In mobile networks, the front-haul network carries radio signals using the CPRI (common public radio interface) or enhanced CPRI protocols between the remote radio heads and the baseband units.

For 5G front-haul, the modules used are mainly at 10 gigabits-per-second (Gbps) with some 25-gigabit modules deployed. Adtran’s AccessWave50 addresses the next speed hike.

Source: Adtran

Adtran has designed the AccessWave50 using proprietary signal-shaping and distance optimisation techniques along with 4-level pulse amplitude modulation (PAM-4) to achieve the 50Gbps line rate.

“PAM-4 is proving itself to be a cost-performance-optimised technology and give you spectral efficiency as you go to higher data rates,” says Aramideh. “Of course, it’s not coherent optics, but you don’t need coherent for all applications.”

AccessWave50 uses a tunable laser and has a 15km, not 40km reach, but that is sufficient, says Aramideh, since front-haul networks are latency-constrained. The SFP56 module consumes 2.5W only.

Compact networking

Adtran has also unveiled its latest open line system (OLS) for C-band coherent transceivers.

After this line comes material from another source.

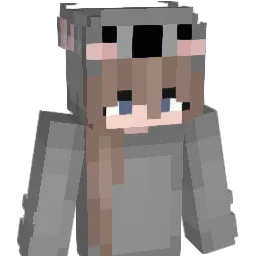 WobkenGmbH Minecraft avatar bust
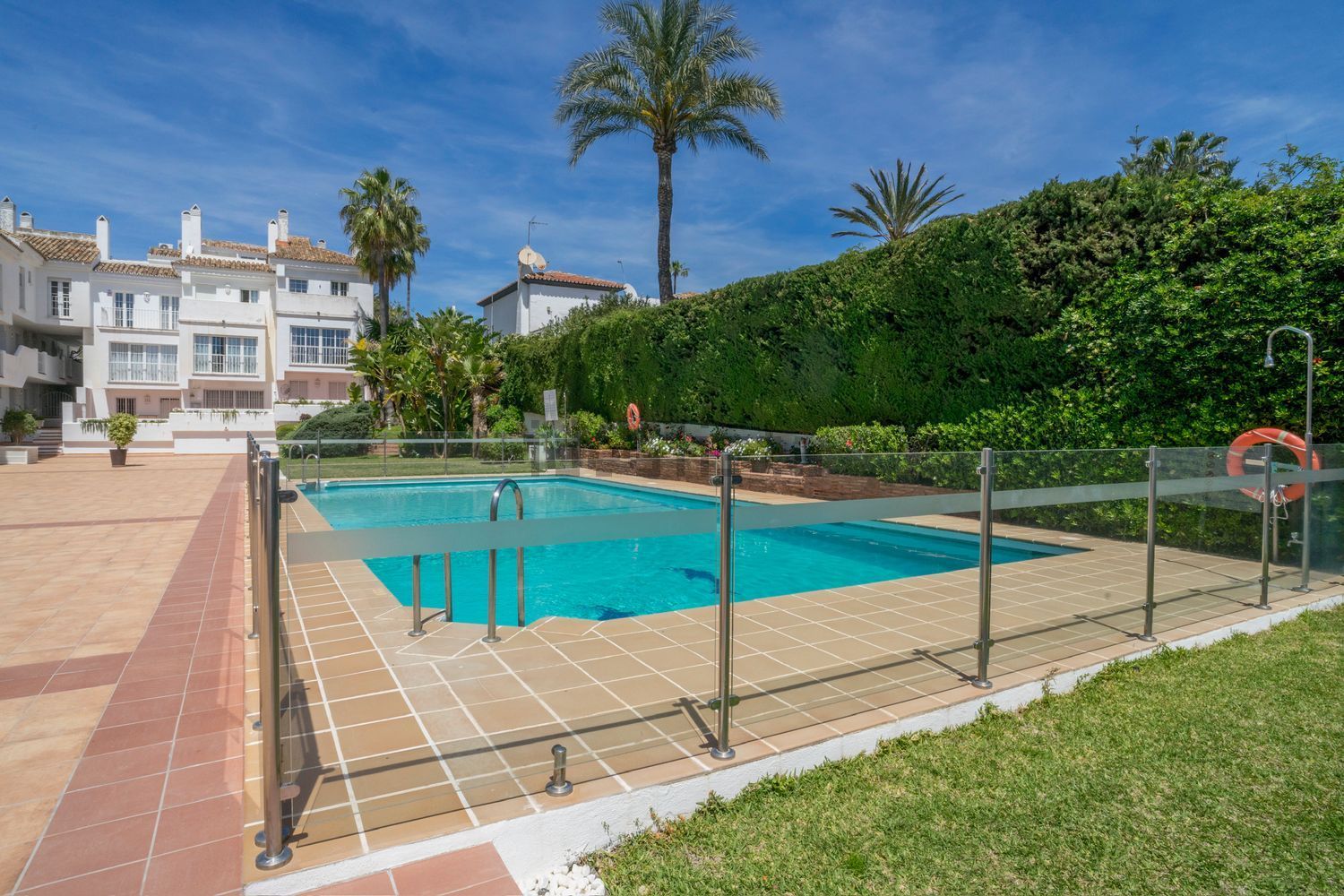 Maison 180 m² à Marbella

The company has been providing bespoke OLS systems for hyperscalers. ADVA, the company Adtran acquired in 2022, provided Microsoft with the OLS that, working with the original ColorZ modules from Marvell, enabled 100 gigabit PAM-4 transmissions over 80km links.

Source: Adtran

Adtran also provides an OLS for data centre interconnects using 400ZR coherent modules for reaches of 120km.

The latest FSP 3000 IP OLS platform is a compact one-rack (1RU) high box that supports eight wavelengths over 120km.

The platform also includes an OTDR (optical time domain reflectometer) for fibre diagnostics.

The OLS can be used with 400-gigabit, 800-gigabit, and ultimately 1.6 terabit coherent pluggable modules once available.

The OLS is also designed for telecom metro interconnect networks. “Telcos, in response to AI, are also looking for OLS technology tailored to coherent transceivers,” says Stephan Rettenberger, senior vice president of marketing and corporate communications at Adtran.

A chief design challenge has been to fit the OLS into a 1 RU form factor, requiring integration and packaging work. The OLS has also been designed to be set up and operated straightforwardly.

The platform is scalable: two racks stacked double the wavelength counts to 16.

The FSP 3000 IP OLS product is already in the hands of one telco customer, says Rettenberger.